Durch die bisherigen Beispiele hat der Herr die Furcht angeregt; nunmehr spendet er Trost durch den Hinweis auf den Lohn.
V.27: „Denn der Sohn des Menschen wird kommen in der Herrlichkeit seines Vaters samt seinen Engeln, und dann wird er einem jeglichen vergelten nach seinen Werken.“
Siehst du, wie Vater und Sohn nur eine1 Herrlichkeit besitzen? Wenn aber nur eine Herrlichkeit, dann offenbar auch nur eine Wesenheit. Denn wenn bei gleicher Wesenheit die Herrlichkeit verschieden ist (denn „anders ist der Sonnenglanz, anders der Mondenglanz; denn ein Stern unterscheidet sich an Glanz vom anderen“2), obschon die Wesenheit die gleiche ist, wie könnte bei gleicher Herrlichkeit eine andere Wesenheit angenommen werden? Er sagte auch nicht: in einer solchen Herrlichkeit wie der Vater da könntest du einen Unterschied vermuten , sondern er zeigt, dass er seine Worte genau abgewogen hat und sagt: „in derselben Herrlichkeit wird er kommen“, so dass man nur an ein und dieselbe Herrlichkeit denken kann.
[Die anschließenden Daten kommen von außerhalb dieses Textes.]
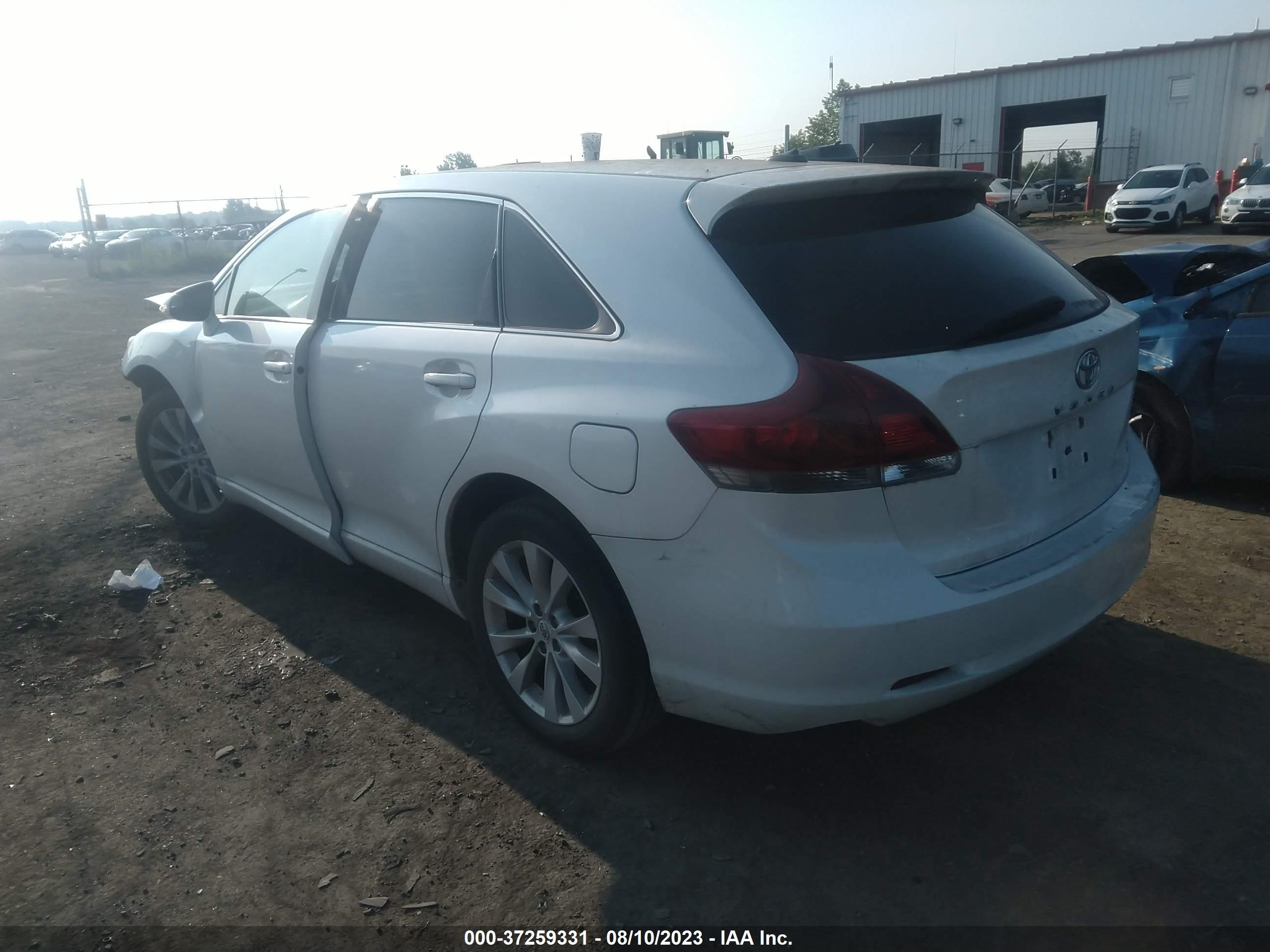 Photo 2 VIN: 4T3ZA3BB8DU072733 - TOYOTA VENZA 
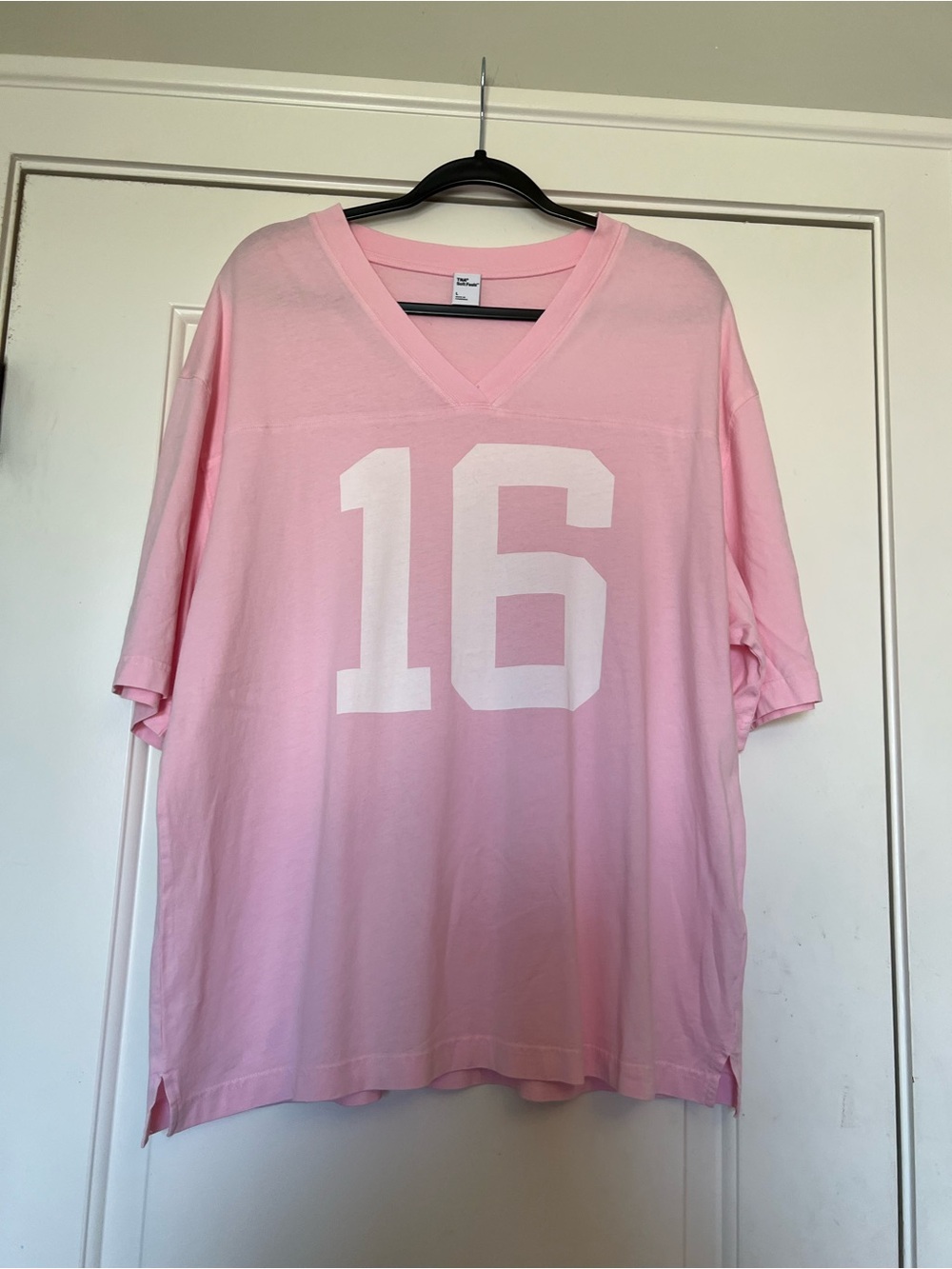 TNA Soft Feels™ Pastel Pink V‑Neck Tee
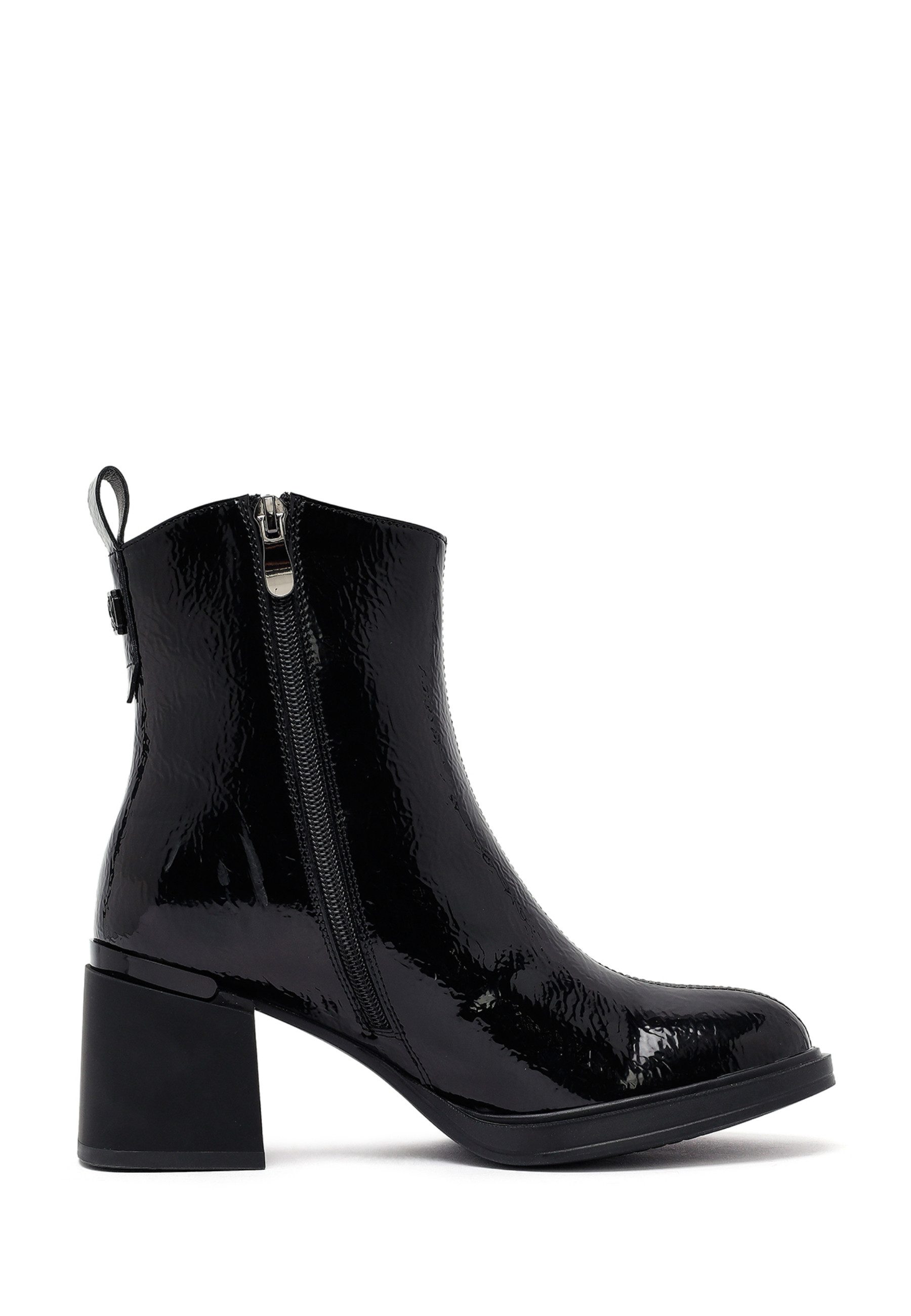 Derimod Absatz-Stiefeletten aus Kunstlack Ankleboots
Er sagt damit gleichsam: Warum wolltest du also erschrecken, wenn du vom Sterben hörst, Petrus? Dann wirst du mich ja in der Herrlichkeit des Vaters schauen. Wenn aber ich die Herrlichkeit genieße, dann auch ihr; denn euer Leben ist nicht auf das Diesseits beschränkt, es harrt euer vielmehr ein besseres Los. Nachdem er also das Angenehme und Tröstliche vorgebracht, bleibt er dabei nicht stehen, sondern lässt wieder einiges einfließen, um ihre Furcht zu erregen: er erwähnt das jüngste Gericht, die unausweichliche Rechenschaft, den unbestechlichen Richterspruch, das untrügliche Urteil. Anderseits aber entrollt er nicht bloß düstere Bilder, sondern bietet dazwischen auch hoffnungsfreudige Gedanken. So sagt er nicht; dann wird er die Sünder strafen, sondern: „er wird einem jeglichen vergelten nach seinen Werken“. Das sagt er nicht bloß, um die Gottlosen an die Strafe zu gemahnen, sondern auch um die Gerechten zu belohnen und zu krönen. Allein, mag der Herr immerhin also gesprochen haben, um die Guten zu trösten, ich erbebe doch jedesmal, wenn ich das höre, denn ich rechne mich nicht zu denen, die gekrönt werden. Ich meine, auch andere werden mit uns diese Furcht und Angst teilen. Denn S. d793 wenn einer in seinem eigenen Gewissen Einkehr hält, wie sollten ihn diese Worte nicht in Schrecken und Schauder versetzen; wie sollten sie uns nicht das Bewusstsein wecken, dass wir Bußkleider und strenges Fasten viel nötiger hätten als einst die Bewohner von Ninive? Denn bei uns handelt es sich nicht um die Zerstörung einer Stadt und den Tod aller, sondern um die ewige Strafe und das Feuer, das nie erlischt.